Data centers with cloud storage provide storage capacity over a network. In a cloud storage model, various hosting servers may virtually pool resources together, thereby sharing storage space. In a cloud storage implementation, data center operators may receive a request for data, and retrieve the data based on a request made by the user accessing the data.
Cloud storage systems may be implemented with various applications, such as web-based interfaces, smart phone applications, or the like. By allowing a user to store data via cloud storage, several key advantages are realized. For example, a user or company may only pay for storage capabilities they need.
Also, cloud storage allows for redundancy of distributed data. Thus, data could be stored in more than one location. By providing the redundancy along with the distributed data, data protection and integrity is ensured. If a user tries to access data in a server, and the server is non-operational, redundancy enables the user to be redirected (for example, by an operator of a data center) to another location.
A cloud storage system may store data as objects in a bucket. The objects may correspond to files associated with the user or owner of the bucket. Additionally, each object may have a unique identified key. The names of the buckets and keys may be chosen so as to be addressable by a URL.
In adding redundancy to a cloud storage system, objects and buckets are stored at various data centers. Thus, an object or bucket in a first data center may be copied to, or stored at various data centers via an erasure code, to a second data center. By adding this redundancy, if a user attempts to access the first data center, and finds that this access is not permissible or possible, the second data center could then be accessed.
The detailed description refers to the following drawings in which like numerals refer to like items, and in which:
A cloud storage system allows data storage over multiple servers in a data center. In a standard distribution over a cloud storage system, data may reside as objects stored in a bucket. Each bucket may reside in a single data center or metropolitan area. This implementation may be referred to as a single geography implementation.
Disclosed herein is a system and method for implementing cloud storage in a multi-geographical implementation. By providing a multi-geographical implementation, various buckets can be efficiently and securely stored in multiple locations. Thus, data may not be restricted to a server at a single location, such as Austin.

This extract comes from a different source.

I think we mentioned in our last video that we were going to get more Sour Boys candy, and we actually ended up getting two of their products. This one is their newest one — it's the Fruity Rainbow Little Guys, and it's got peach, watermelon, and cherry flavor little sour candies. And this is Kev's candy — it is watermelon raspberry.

According to the aspects disclosed herein, data may be stored in several different locations, such as Austin and London.
One method for providing multi-geographical storage is to replicate objects, keys or buckets at all available data centers or sources of storage of a cloud storage system. Once the data is stored in all servers of all data centers, then no matter which server in which data center a user accesses, the data will be available. However, this replicating storage scheme wastes resources and may far exceed the user's redundancy requirements. Further, there may be reasons for a user to explicitly want to avoid using some data centers. For instance, it may be illegal according to the laws governing personally identifiable information for a French company to store their data in a datacenter outside of the European Union. Similarly, a US military contractor may want to avoid storing data in data centers outside of NATO countries.

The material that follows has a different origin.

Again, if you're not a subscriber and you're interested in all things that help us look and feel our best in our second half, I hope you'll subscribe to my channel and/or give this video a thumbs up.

Thus, disclosed herein are aspects that cover a discriminating method of distributing data among data centers. By providing a multi-geographical user is provided extra redundancy. However, the system and method allow the user to determine which of the multiple geographies to use, based, for example on need and resources. Allowing the user to make this determination adds flexibility to a key-value based cloud service storage system.
The processor 120 receives an input from input apparatus 130. The input apparatus 130 may include, for example, a user interface through which a user may access data such as, objects, software, and applications that are stored in the data store 118. In addition, or alternatively, the user may interface with the input apparatus 130 to supply data into and/or update previously stored data in the data store 118.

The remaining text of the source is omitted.